4. Il ricorso è fondato.
Ritiene il Collegio che la Corte di merito abbia insufficientemente delibato ed a volte del tutto ignorato, per un verso, una serie di emergenze fattuali di oggettiva consistenza e, per altro verso, giuridicamente travisato i risultati processuali in grado, le une e gli altri, di inficiare irrimediabilmente la tenuta logica della motivazione impugnata.
Ed invero va in primo luogo segnalata l'incongruenza di svalutare la circostanza, in fatto, che la F. è la piena proprietaria formale del bene confiscato e la contraddittorietà di insistere dialetticamente sul dato, negato dal processo, che la stessa, si ribadisce proprietaria del bene, abbia vissuto di proventi delittuosi. È infatti incontrovertibile che la predetta F. è stata viceversa assolta da ogni addebito, dato quest'ultimo del quale si deve di necessità tener conto nel momento in cui si provvede sulla confisca del suo bene.

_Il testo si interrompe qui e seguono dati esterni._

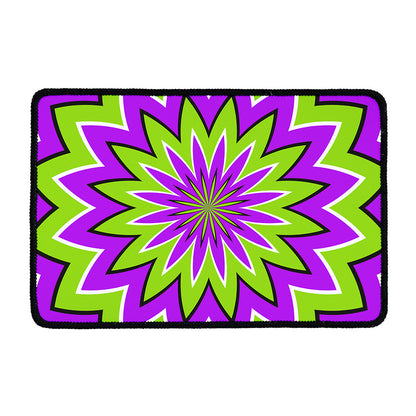Green Flower Moving Optical Illusion Kitchen Mat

Del pari ricorre totale omissione motivazionale ed intrinseca contraddittorietà dell'argomentare di merito là dove il giudice a quo, dopo aver accertato la legittima provenienza di parte cospicua dei proventi familiari utilizzati per gli acquisti che hanno poi portati all'ultima compravendita del bene confiscato, non hanno preso in considerazione la possibilità, giuridicamente praticabile, di una confisca parziale in termini proporzionali limitata alla parte di liquidità in denaro investita nell'acquisto motivatamente e ragionevolmente ritenuta di sospetta provenienza. A tale ultimo proposito e cioè circa la ragionevole ricostruzione dei movimenti leciti ed illeciti di denaro eventualmente utilizzati per l'acquisto sotto osservazione giudiziaria, appare di palese evidenza che il giudici di merito hanno considerato un tempo di permanenza del reato disconosciuto dal processo, posto che l'attività illecita contestata all'imputato (alla quale i giudicanti hanno ritenuta estranea la F. , proprietaria dell'abitazione) si è protratta fino alla sentenza di prime cure, risalente al 2002, mentre l'argomentare della corte territoriale ai fini della decisione impugnata ha considerato una data clamorosamente inesatta, l'anno 2008, fino al quale i coniugi M. - F. avrebbero continuato a praticare scommesse clandestine che la moglie non ha mai praticato (né prima né dopo) e per le quali nessun giudice ha mai condannato lo stesso M. . Di qui, altresì, la piena legittimità della transazione che nel 2008 definì la creditoria bancaria per il mutuo, della quale, salva diversa argomentazione del giudice di merito, dovrà tenersi conto ai fini del presente giudizio.
Anche in relazione al valore dell'immobile confiscato al momento dell'acquisto la corte di merito non ha tenuto conto di circostanze di particolare significatività per le tesi difensive.
Il valore infatti assegnato al bene dalla banca mutuataria appare per la qualità di chi l'ha determinato (un istituto bancario investito di una iniziativa di cospicuo prestito) e per la funzione della valutazione (garanzia bancaria per la restituzione di importanti somme mutuate) certamente superiore a quello di mercato, e ciò sulla base di comuni regole di esperienza certissime ed innegabili. Di tanto anche dovrà tener conto il giudice di rinvio, non già per escludere il valore dell'accertamento peritale eseguito nel corso del giudizio, ma per tener conto delle credibili giustificazioni fornite dagli interessati circa l'aumento di valore del bene confiscato dopo l'acquisto, giustificazioni indicate negli interventi resisi necessari per l'ammodernamento ed il miglioramento abitativo dell'immobile.
5. Alla stregua delle esposte argomentazione si impone pertanto l'annullamento della sentenza impugnata con rinvio al giudice territoriale affinché, in piena libertà di giudizio, rivaluti in quadro complessivo delle emergenze processuali alla luce delle considerazioni innanzi esposte.

P.T.M.

la Corte, annulla la sentenza impugna e rinvia per nuovo giudizio ad altra sezione della Corte di appello di Genova.